Datalore
Collaborative data science platform for teams
What Is Ad Hoc Analysis? A Python Example in Datalore
What is ad hoc analysis?
In Latin, ad hoc means “created or done for a particular purpose as necessary”. Accordingly, ad hoc analysis is conducted only once and is designed to answer a specific data question.
Regular reporting vs. ad hoc reporting
For most important business metrics, analysts perform regular reporting. Reports can be generated on a regular basis (daily, weekly, or monthly) and delivered in the form of dashboards, spreadsheets, and email newsletters.
Now, imagine a situation in which we have a new, unique question that our regular analysis and reporting doesn’t cover. We need to dig into the data by conducting a specific ad hoc analysis so we can answer this question and get insights.
How to implement ad hoc analysis with Python
Ad hoc analysis is easier to implement using a programming language, such as Python. Python provides users with many powerful tools for data analysis and data visualization, which nonetheless are easy enough to pick up and be used for ad hoc analysis even by those who don’t have a lot of technical expertise or any knowledge of programming.

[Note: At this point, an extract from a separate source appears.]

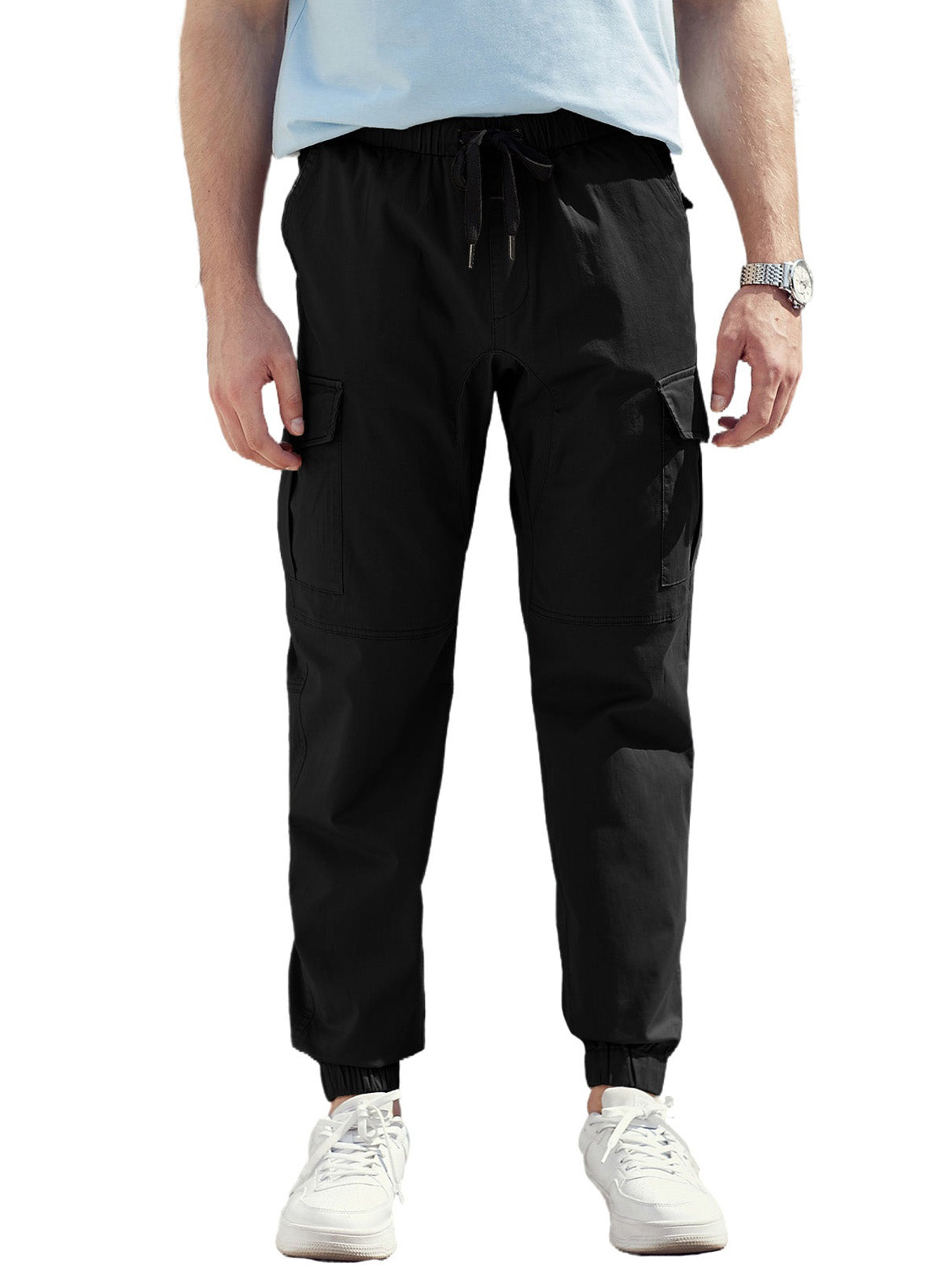 Dokotoo Men Men's Cotton Cargo Joggers Slim Fit Work Pants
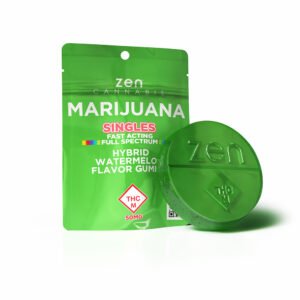 zen gummies watermelon hybrid single gummy 50mg thc per serving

Let’s look at an ad hoc analysis example and get visual answers to our question. For this tutorial, we will use the Amazon Data Science Books dataset.
Suppose you want to determine whether there is a connection between a book’s rating and its length. You also want to see whether people tend to buy and review shorter books rather than longer ones. Could it be that readers care more about how long it takes them to finish the book than the content itself? Let’s dig into the data and find out!
Data analysis with Python
To upload the data, we will use Pandas. You don’t need to install Pandas, as it is already pre-configured in Datalore. Datalore is a collaborative data science platform, where you can do analytics in Jupyter notebooks with Python, SQL, R, and Scala.
Open this tutorial in Datalore
Let’s use the following code to upload and examine the data:
import pandas as pd df = pd.read_csv('final_book_dataset_kaggle.csv')
Our dataset consists of 946 rows (books) and 18 columns (features). One of the great things about Datalore is that it can help you understand data without any coding. Let’s open the Statistics tab and get the most important data quality metrics and descriptive statistics.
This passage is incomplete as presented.